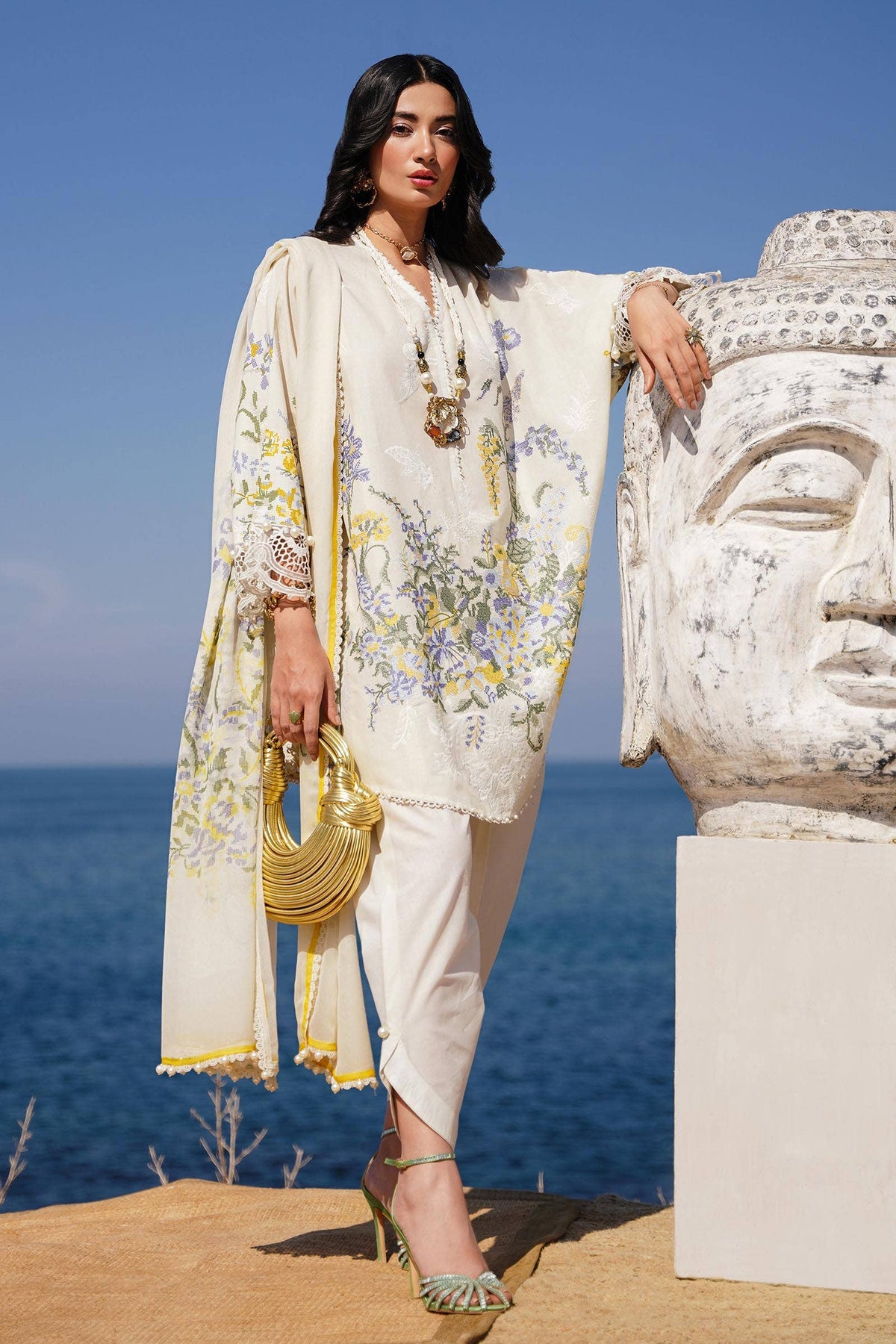 Sana Safinaz | Muzlin Spring 24 | M241-006A-CJ by Sana Safinaz - Designer Dress - Type: Ladies Clothes - Available at Libayah - 100% Original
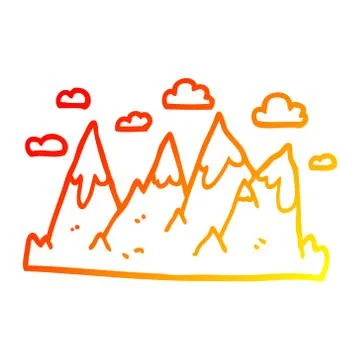 Warm gradient line drawing cartoon mountain range Stock Illustration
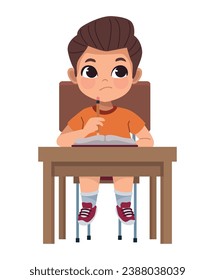 student boy in class illustration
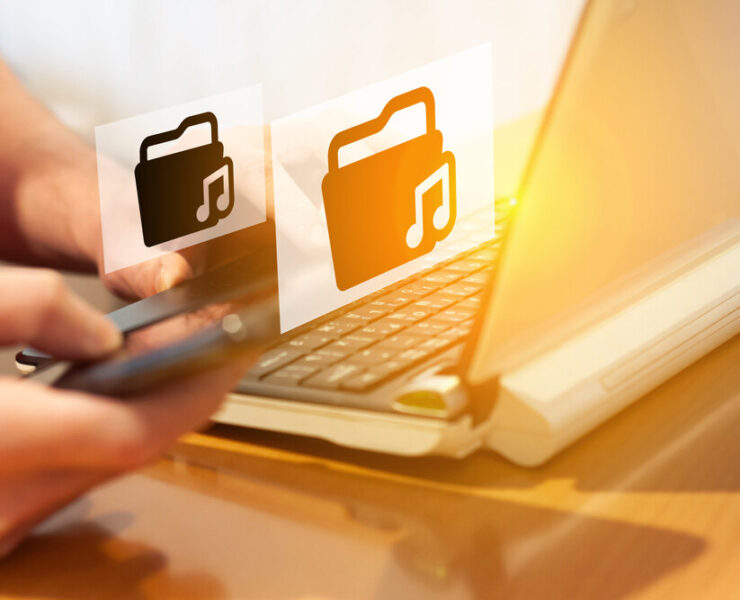 A person downloading music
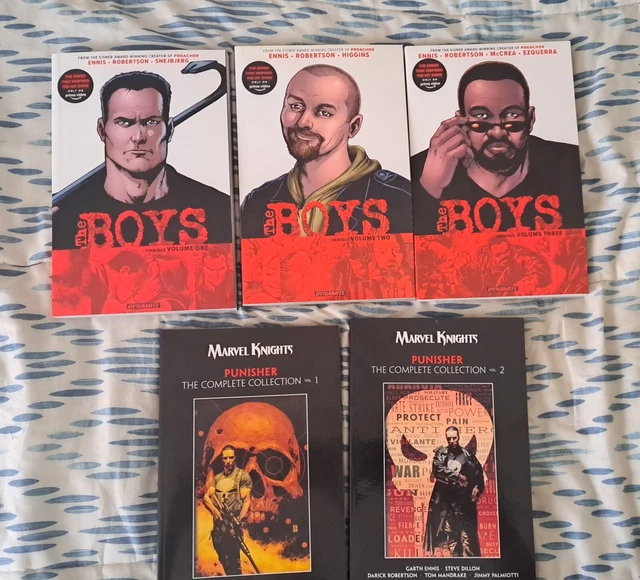 Garth Ennis tpb lot The Boys Omnibus vol 1-3 and Marvel Knights Punisher vol 1-2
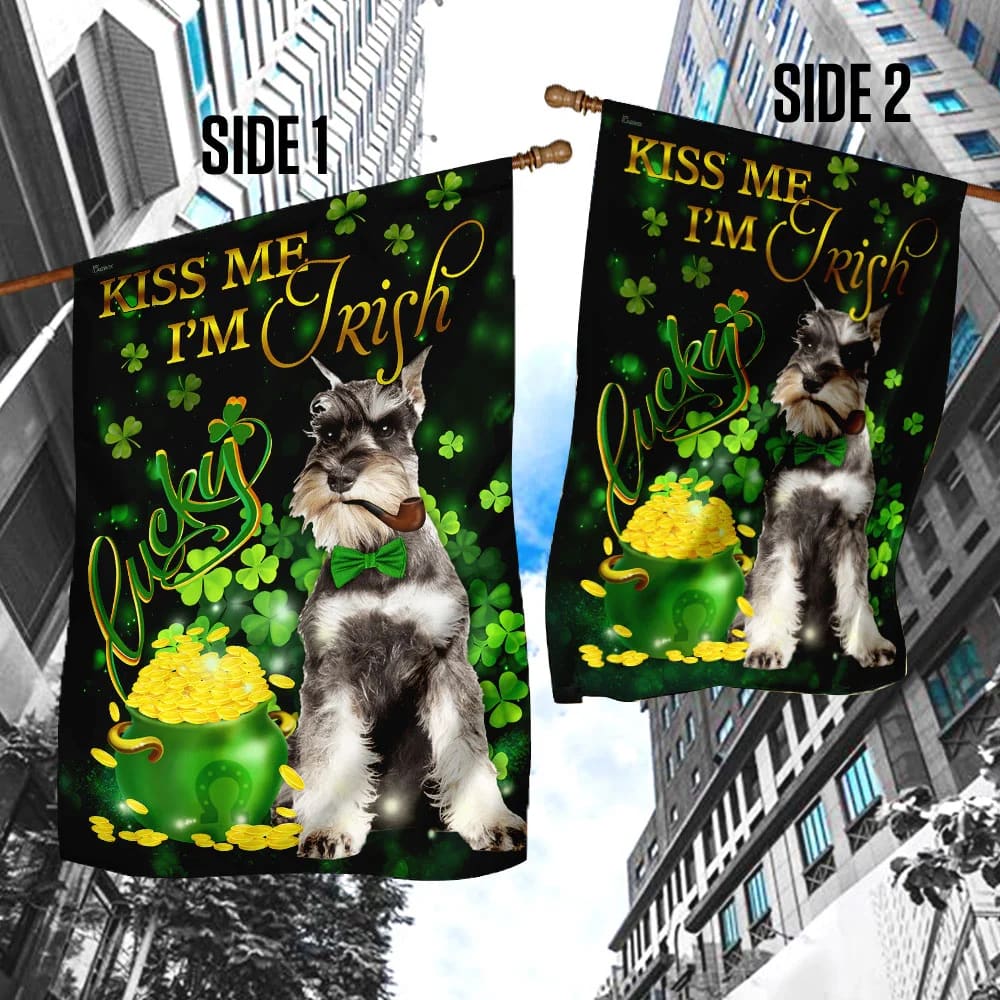 Miniature Schnauzer Kiss Me I'm Irish House Flag - St Patrick's Day Garden Flag - Outdoor St Patrick's Day Decor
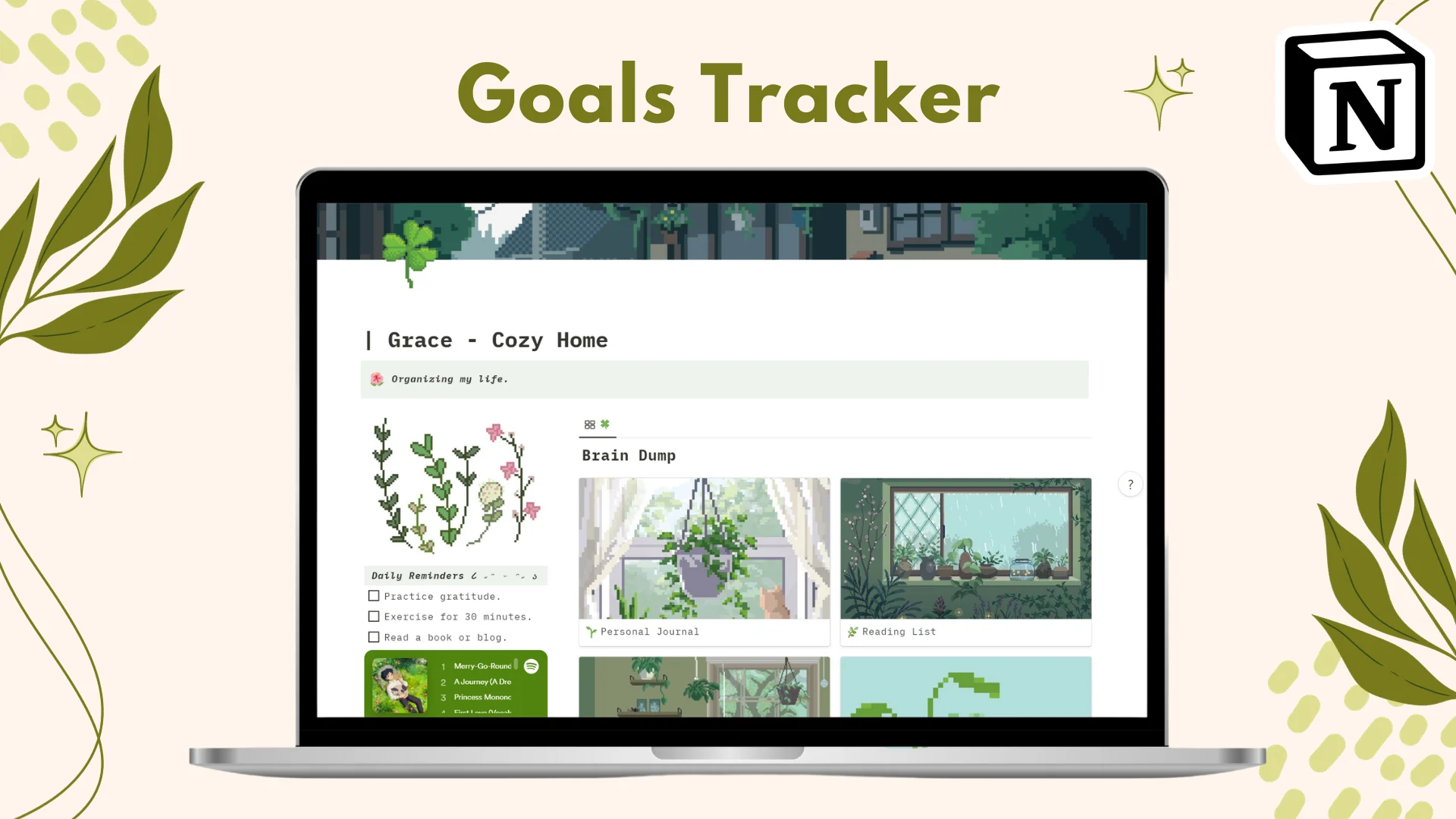 Goals Tracker with notion template - image 1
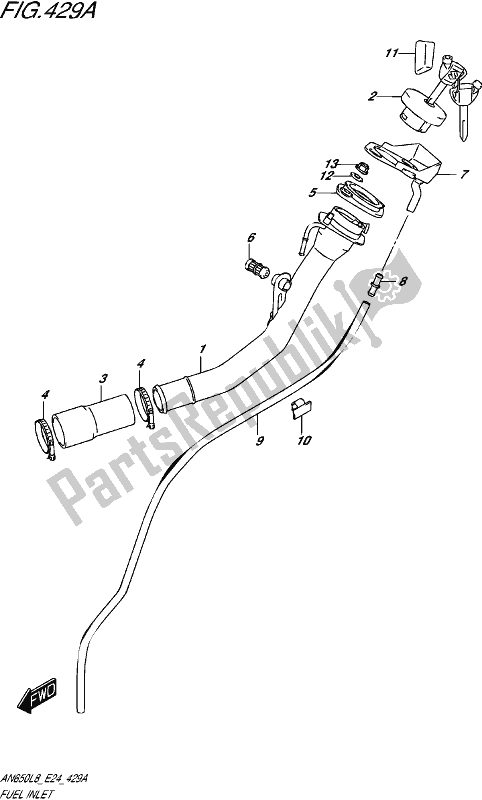 All parts for the Fuel Inlet of the Suzuki AN 650 2018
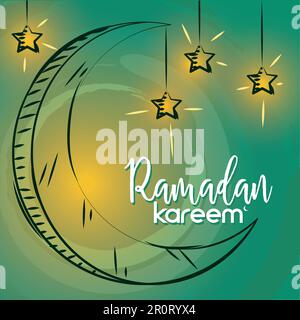 Isolierter arabischer Mond mit Sternformen, farbenfroher Ramadan-Kareem-Vektor Stock Vektor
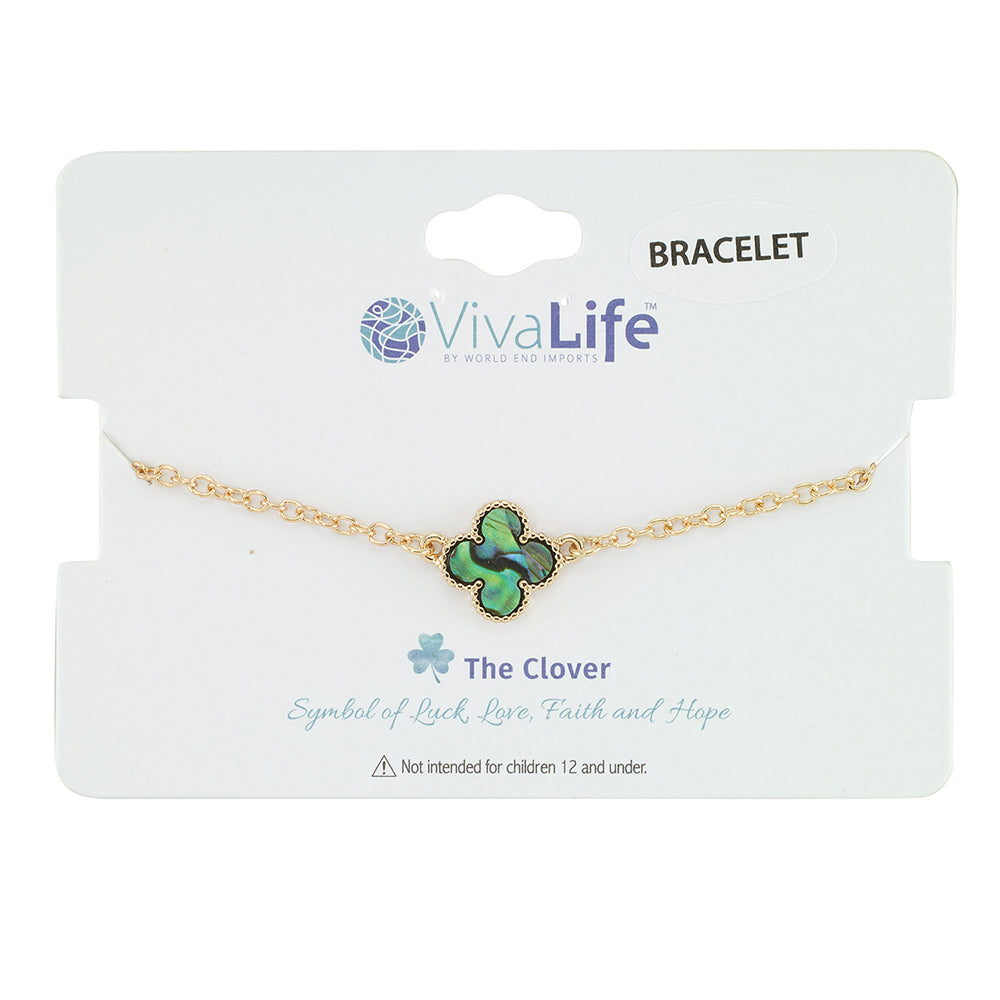 Blue Abalone Clover Adjustable Bracelet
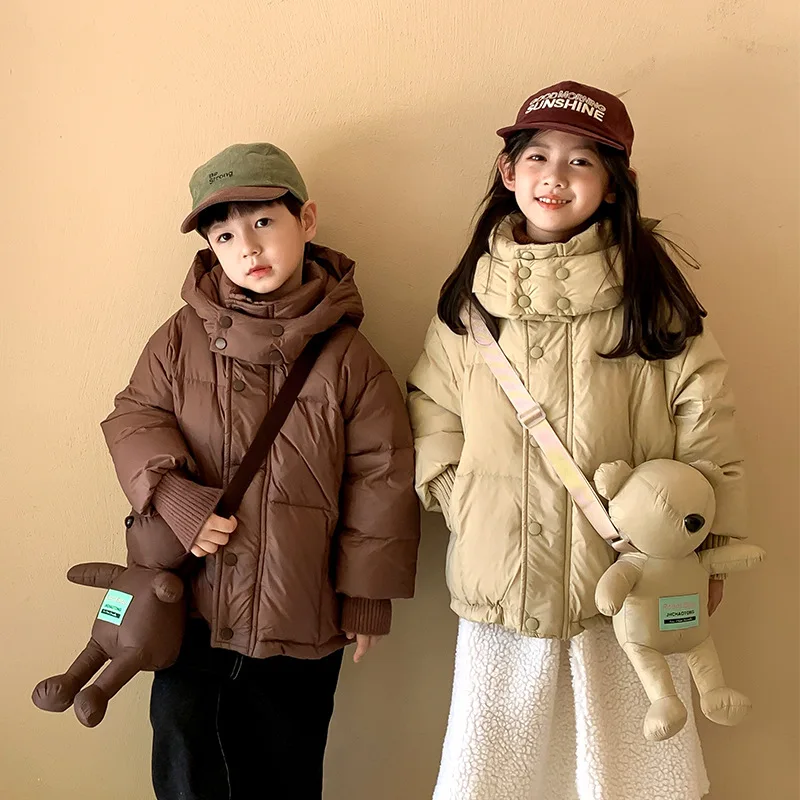 Пуховик для девочек новинка 2024 осенне-зимний детский пуховик мальчиков и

————————

Using the listing above, copy every line from the line containing "All parts for" through the last one, both included, and no other lines. Pictures stay out.

WRITTEN RESPONSE >>
 All parts for the Fuel Inlet of the Suzuki AN 650 2018
 Isolierter arabischer Mond mit Sternformen, farbenfroher Ramadan-Kareem-Vektor Stock Vektor
 Blue Abalone Clover Adjustable Bracelet
 Пуховик для девочек новинка 2024 осенне-зимний детский пуховик мальчиков и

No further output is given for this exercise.